Name Type Description
read_path str

The path to the directory containing the NetCDF files.

save_path str

The path to save the patches.

patch_size int

The size of each patch.

stride_size int

The stride size for generating patches.

nan_cutoff float

The cutoff value for allowed NaN count in a patch.

save_filetype str

The file type to save patches as. Options are [nc, np].

Methods:

Name Description
nc_files

Returns a list of all NetCDF filenames in the read_path directory.

save_patches

Preprocesses and saves patches from the NetCDF files.

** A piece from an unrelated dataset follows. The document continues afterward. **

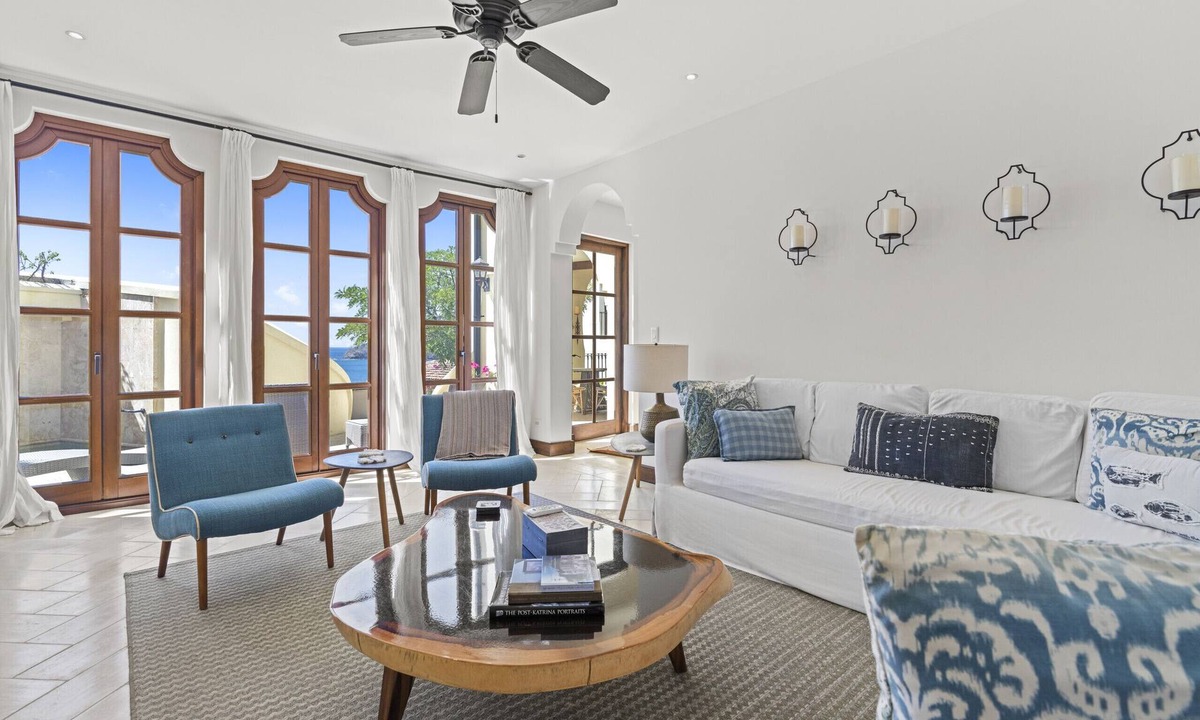 Las Catalinas House | Oceanview, beach club, plunge pool, steps to beach – Casa Olas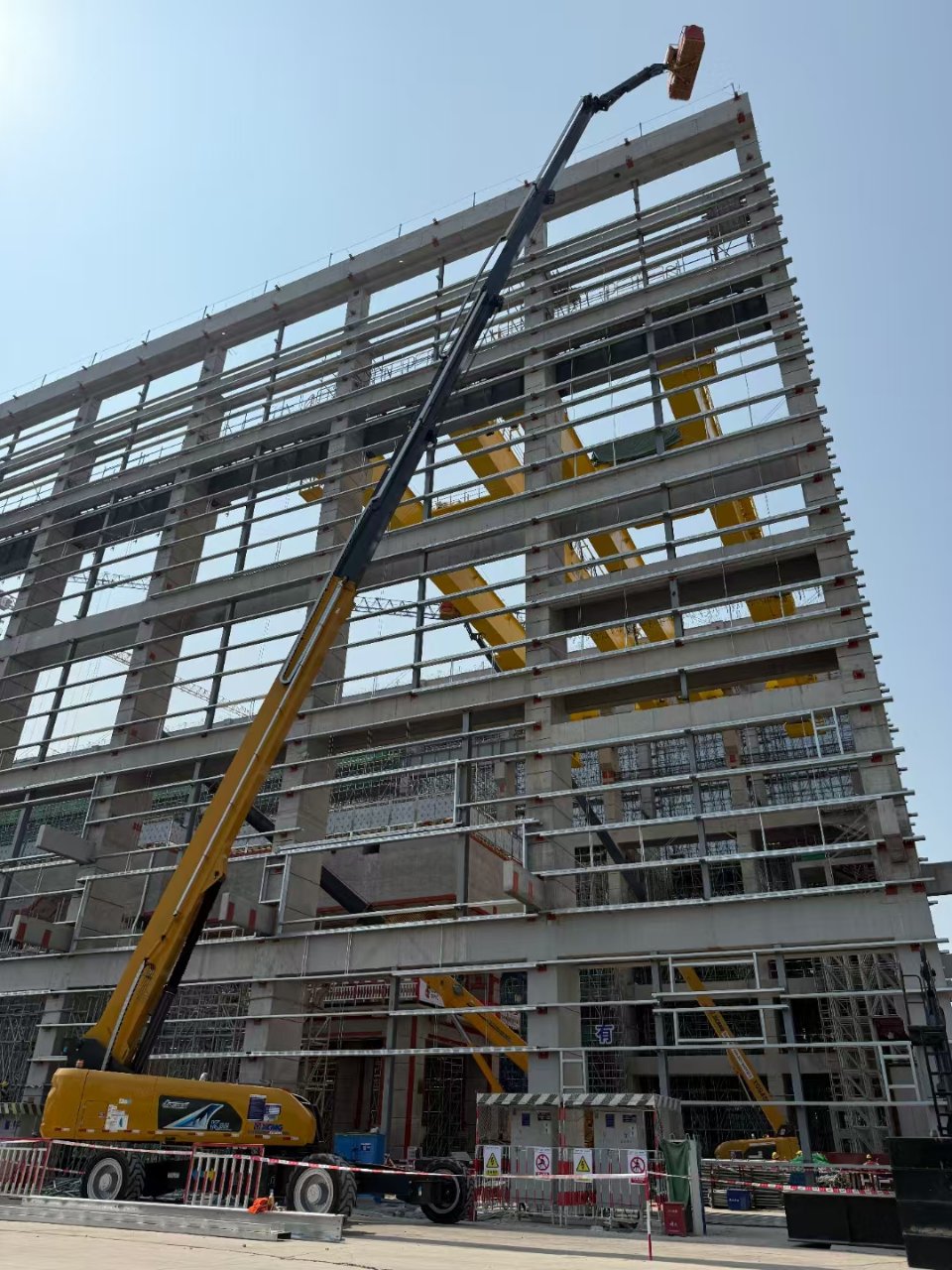 云端探索！云顶集团多台高米数高空作业平台助力廉江核电站建设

Source code in rs_tools/_src/preprocessing/prepatcher.py
@dataclass(frozen=True)
class PrePatcher:
    """
    A class for preprocessing and saving patches from NetCDF files.

    Attributes:
        read_path (str): The path to the directory containing the NetCDF files.
        save_path (str): The path to save the patches.
        patch_size (int): The size of each patch.
        stride_size (int): The stride size for generating patches.
        nan_cutoff (float): The cutoff value for allowed NaN count in a patch.
        save_filetype (str): The file type to save patches as. Options are [nc, np].

    Methods:
        nc_files(self) -> List[str]: Returns a list of all NetCDF filenames in the read_path directory.
        save_patches(self): Preprocesses and saves patches from the NetCDF files.
    """

    read_path: str
    save_path: str 
    patch_size: int
    stride_size: int 
    nan_cutoff: float
    save_filetype: str

    @property
    def nc_files(self) -> List[str]:
        """
        Returns a list of all NetCDF filenames in the read_path directory.

        Returns:
            List[str]: A list of NetCDF filenames.
        """
        # get list of all filenames within the path
        files = get_list_filenames(self.read_path, ".nc")
        return files

    def save_patches(self):
        """
        Preprocesses and saves patches from the NetCDF files.
        """
        pbar = tqdm(self.nc_files)

        for ifile in pbar:
            # extract & log timestamp
            itime = str(Path(ifile).name).split("_")[0]
            pbar.set_description(f"Processing: {itime}")
            # open dataset
            ds = xr.open_dataset(ifile, engine="netcdf4")
            # extract radiance data array
            da = ds.Rad
            # define patch parameters
            patches = dict(x=self.patch_size, y=self.patch_size)
            strides = dict(x=self.stride_size, y=self.stride_size)
            # start patching
            patcher = XRDAPatcher(da=da, patches=patches, strides=strides)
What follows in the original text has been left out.